I’ve been working on my version of the TinyTV for a while now. It’s all based around the ESP32 a popular and powerful WiFi enabled microcontroller.
For the first version I did the streaming from a simple Python server running on my desktop and used the WiFi capabilities of the module. I chose to do this first as in my mind it was the simplest thing.
Our server just needed three endpoints, one to get audio data, another to get a frame of video data, and finally an endpoint to get meta data about the available videos.
There are a couple of options for presenting the video frames - we could send completely uncompressed image data that would be ready to display directly on the screen. The screen I’m using is 280x240 pixels and each pixel is RGB565 - that’s 5 bits for red, 6 for green and 5 for blue.
This would give us a total size of 131.25KB per frame. At any reasonable frame rate this would swamp the WiFi interface and we’d spend all our time just transferring data.
A much more popular choice for this kind of thing is individual JPEG frames - which is what MJPEG or Motion JPEG is based around.
With the right library (I’m using JPEGDEC) an ESP32 can decode and display a 280x240 JPEG image in about 36ms - which gives us a theoretical frame rate of about 28 frames per second.
To make things really efficient we can use the dual cores of the ESP32 and have two threads - one downloading frames from the server and another decoding and displaying the last frame.
For the audio side of things we can keep things simple and just serve up 8bit 16KHz PCM data. Audio takes up a lot less bandwidth than video so we don’t really need to worry about this - if we wanted to get clever then the ESP32 is capable of processing MP3 data - but that would take up processing power that we need to decoding JPEG files.
The only challenge that we have is keeping the audio and video in sync. There’s nothing more annoying when you’re watching a show and the audio is out of sync with the video.
The approach I’ve taken is to use the audio samples as the time basis. I can then just request frames that match the current audio timestamp. We may skip a few frames every now and then, but we’ll stay matched up to the audio that’s being played.
This works really well and you can see it all working in this video:
The server is really nice and simple as well, it doesn’t need to do any clever video encoding or variable bitrate matching with the client, it just needs to extract the requested block of audio samples and a frame at the requested timestamp.
What About Locally Stored Videos
Streaming over WiFi is nice, but it’s not exactly convenient and ultimately it would be nice to have a portable battery powered video player.
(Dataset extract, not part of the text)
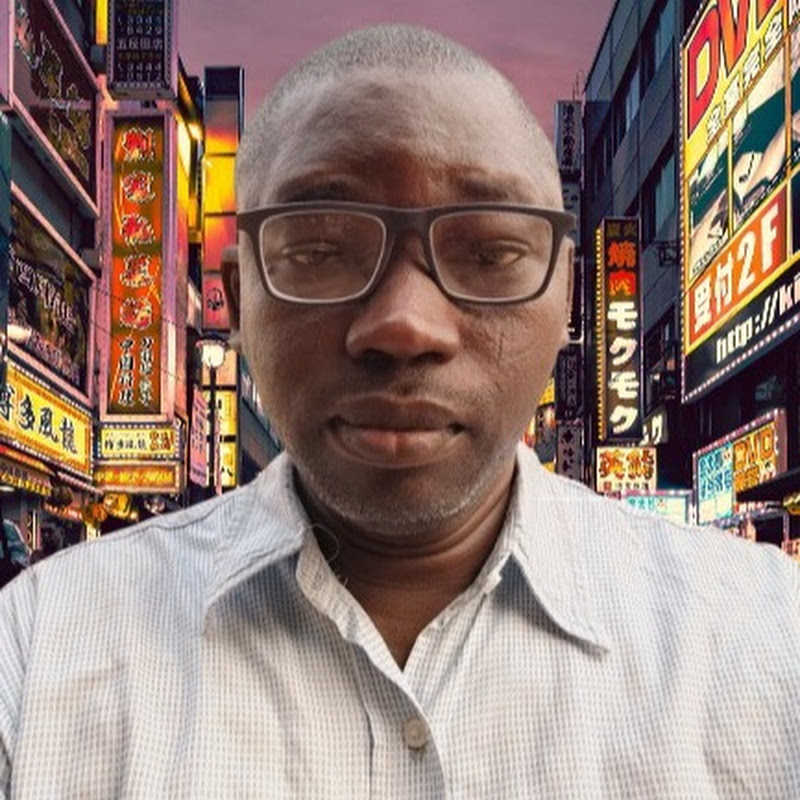 Dr Olugbenga Adetitun TV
I’ve also got lots of issues with my home WiFi network that make it perform really badly. Ideally we want to be able to stream video from an SD Card connected to our ESP32.
It’s surprisingly easy to connect an SD Card to an ESP32 - SD Cards support SPI and the ESP32 has built in support for this (it’s actually how it talks to the display I’m using).
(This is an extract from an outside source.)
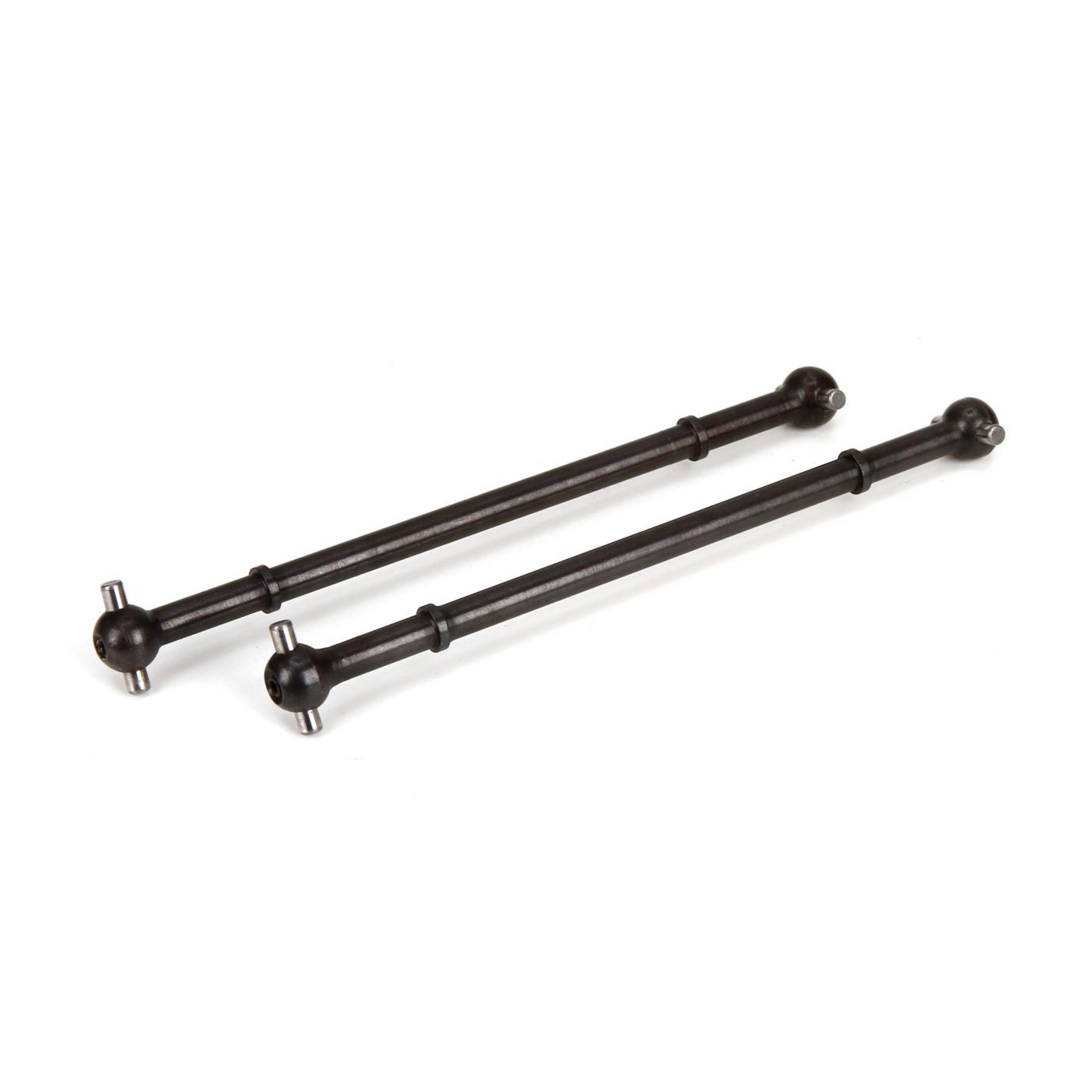 Losi Driveshaft &amp; Axle Dogbone (2): 1:5 4wd DB XL (Z-LOS252001)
As you can see from my increasingly Heath Robinson setup you can just connect directly from the SD Card pins to the ESP32.
So storage is pretty easily - and we can connect pretty large SD Cards easily so big files are not really problem.
Our real problem is what format should we store our video files in. And the issue is that most media container formats are completely bonkers. The spec for MP4 files runs to over 80 pages - there’s no way that I want to try and implement that on an ESP32.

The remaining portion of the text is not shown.